● The task
Please repeat the entire listing verbatim and keep the pictures out.

● Recorded information
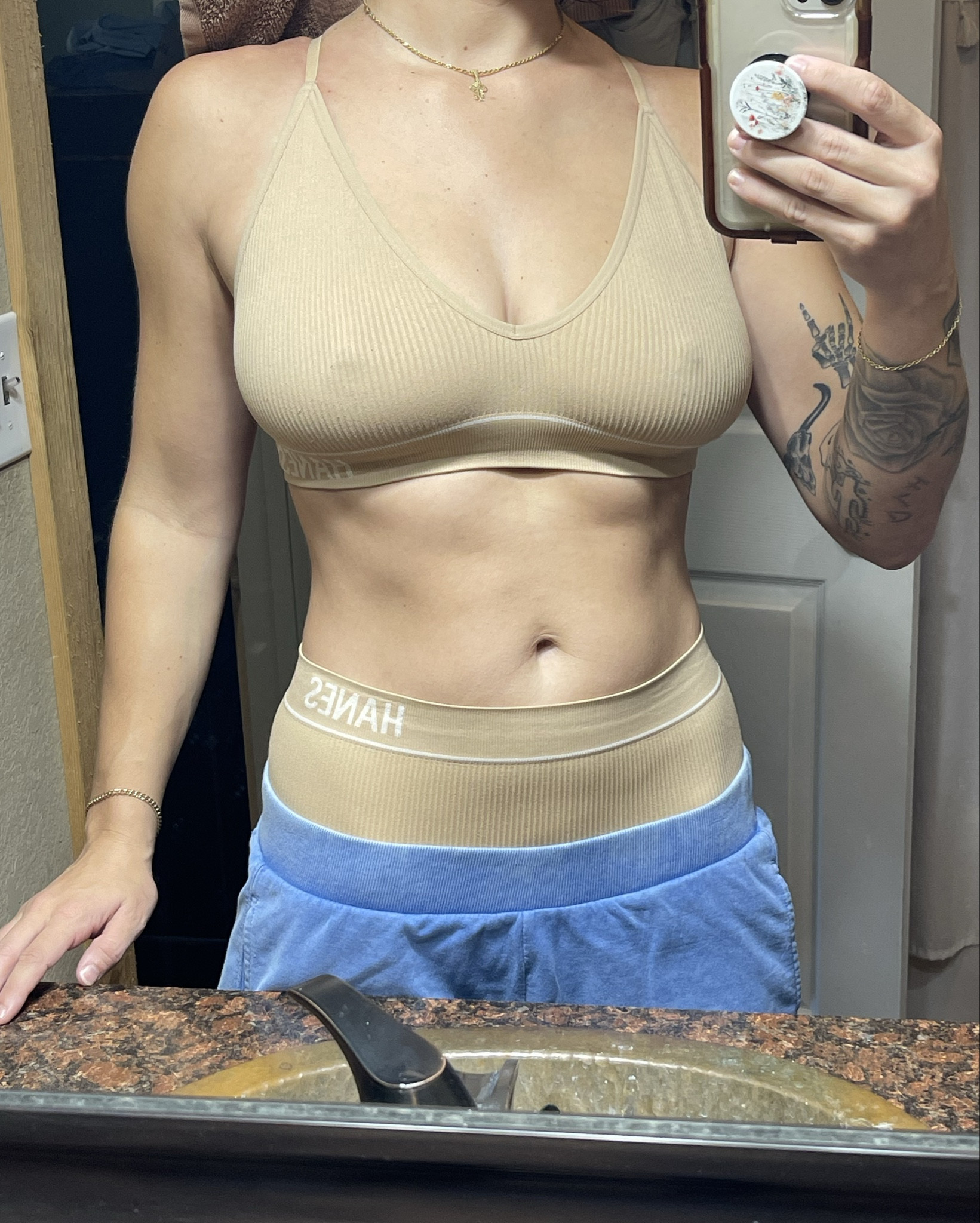 Comfiest Lounge Underwear #hanes

sizes: M in bottoms, L in top (36D)

#LTKActive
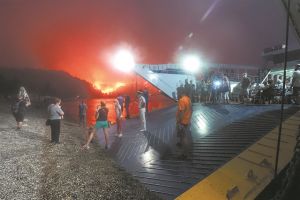 Ο δρόμος δεν υπάρχει. Θα τον χαράξουμε!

● Result
 Comfiest Lounge Underwear #hanes

sizes: M in bottoms, L in top (36D)

#LTKActive
 Ο δρόμος δεν υπάρχει. Θα τον χαράξουμε!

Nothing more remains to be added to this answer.